__Work task__:
With pictures omitted, transcribe exactly the lines from the one containing "Poker Game Online Live Betting" to the end of the records below.

__Data extracts__:
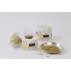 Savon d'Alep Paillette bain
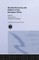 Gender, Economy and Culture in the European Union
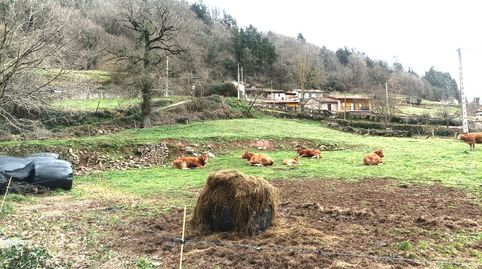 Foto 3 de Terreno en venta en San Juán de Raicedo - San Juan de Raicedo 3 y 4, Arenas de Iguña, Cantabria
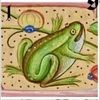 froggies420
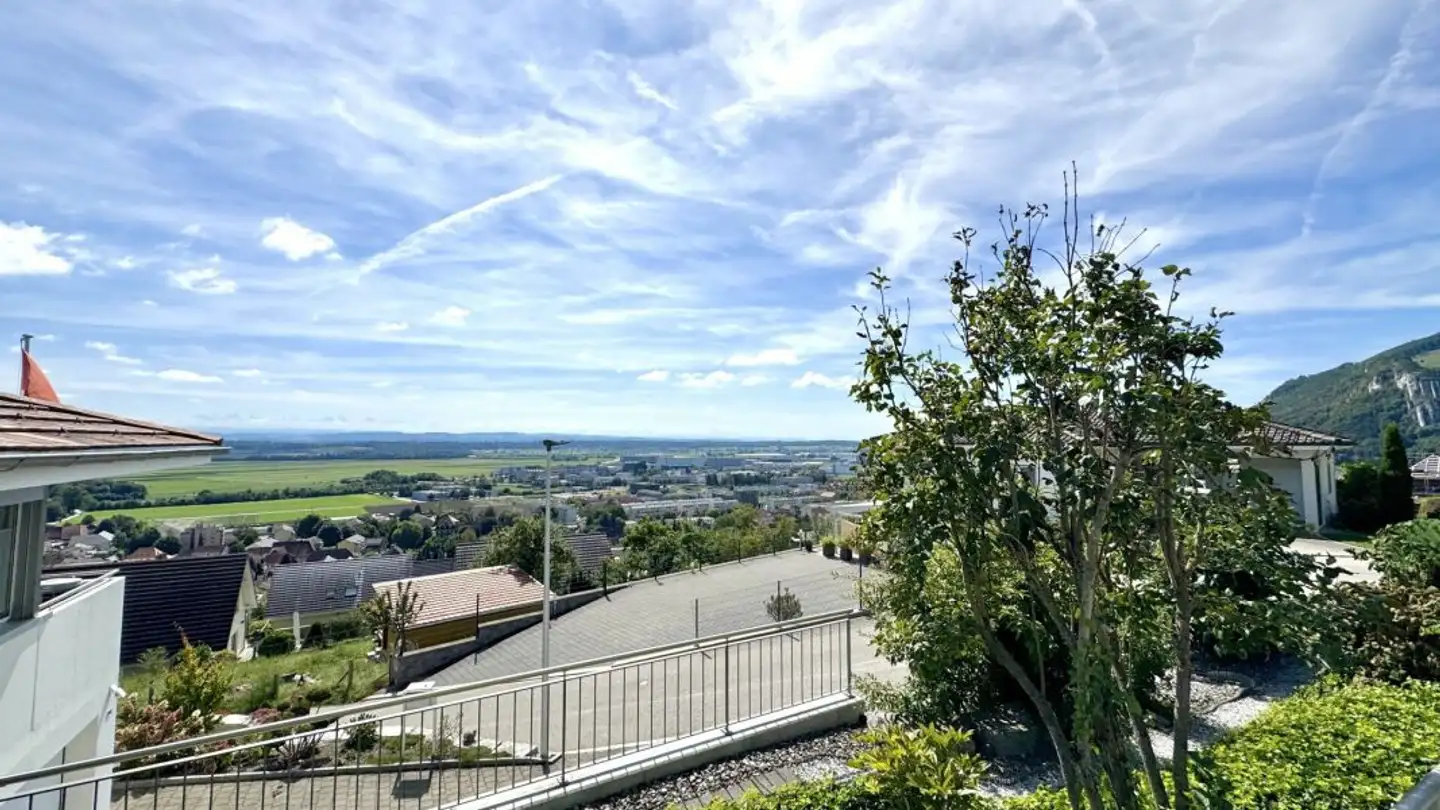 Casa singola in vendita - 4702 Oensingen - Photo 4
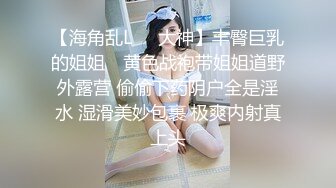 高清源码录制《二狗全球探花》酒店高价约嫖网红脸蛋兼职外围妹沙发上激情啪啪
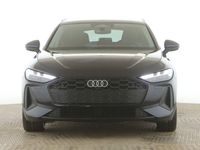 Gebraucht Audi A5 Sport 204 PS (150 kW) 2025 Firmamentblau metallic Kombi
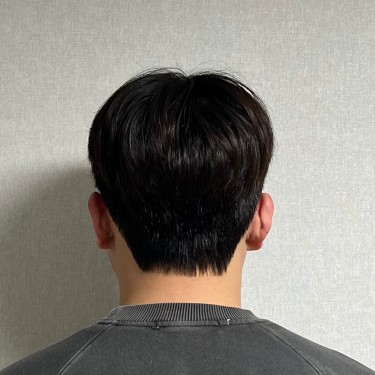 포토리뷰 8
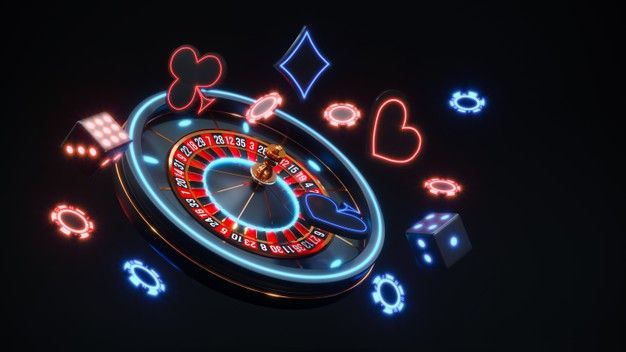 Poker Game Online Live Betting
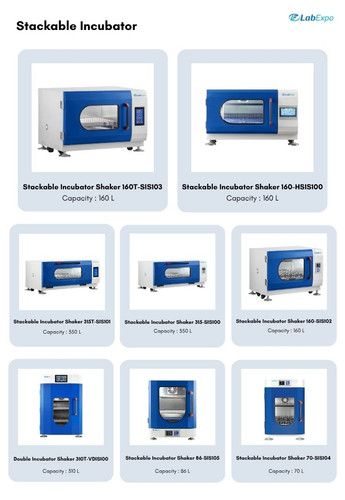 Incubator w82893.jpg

__Task output__:
 Poker Game Online Live Betting
 Incubator w82893.jpg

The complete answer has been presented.